The ingratitude of men made Jesus suffer most
From book "Evening Meditations for all days of the year from texts of Saint Alphonsus of Liguori"... I. We must also well understand here that the pai...
I. We must also well understand here that the pains which Jesus Christ endured in His Passion, in the scourging and the crowning with thorns, in the Crucifixion, His agony and death, and in all the other torments and ignominies which He suffered at the end of His life, He also suffered from the beginning. From the beginning of His life He had always before His eyes the sad vision of all the torments He would have to suffer when about to leave this earth, as He predicted by the mouth of David: My sorrow is continually before me (Ps. xxxvii. 18). We hide from the sick man the knife or the fire with which he is to be cut or cauterized in order to regain his health; but Jesus would not have the Instruments of His Passion, by which He was to lose His life that He might gain for us eternal life, hidden from His sight.
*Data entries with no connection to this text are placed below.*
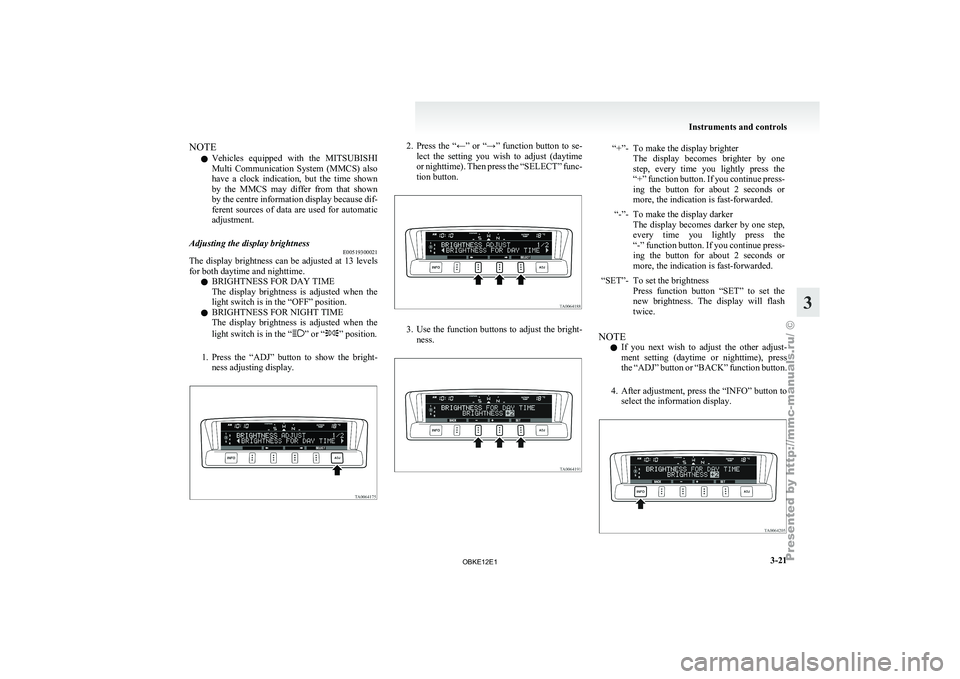 MITSUBISHI PAJERO IV 2011  Owners Manual NOTE
l Vehicles 
equipped  with 
the  MITSUBISHI
Multi  Communication  System  (MMCS)  also
have  a  clock  indication,  but  the  time  shown
by  the  MMCS  may  differ  from  that  shown
by the cent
He desired always to have before His eyes the scourge, the thorns, the nails, the Cross, which were to drain all the Blood from His veins, till He died of pure grief, deprived of all consolation.
One day Jesus Christ crucified appeared to Sister Magdalen Orisini who had been suffering a heavy affliction for a long time, to comfort her by the remembrance of His Passion, and to animate her to bear her cross with patience. She said to Him: "But Thou, my Lord, wast only Three Hours on the Cross, while I have suffered this pain for many years." Then our Lord from the Cross replied: "Ignorant creature that thou art! from the first moment that I was in the womb of Mary I suffered all that I had afterwards to suffer in my death." "Christ," says Novarinus, "even in the womb of His Mother, had the impression of the Cross on His mind; so that no sooner was He born than He might be said to have the principality on his shoulders (Is. ix. 6)." So, then, my Redeemer, throughout Thy whole life I shall find Thee nowhere but on the Cross. Lord, I find Thee nowhere but on the Cross! Yes, for the Cross on which Jesus Christ died was ever in His mind to torment Him. Even while sleeping, says Bellarmine, the sight of the Cross was present to the Heart of Jesus: "Christ had His Cross always before His eyes. When He slept, His Heart watched; nor was it ever free from the vision of the Cross."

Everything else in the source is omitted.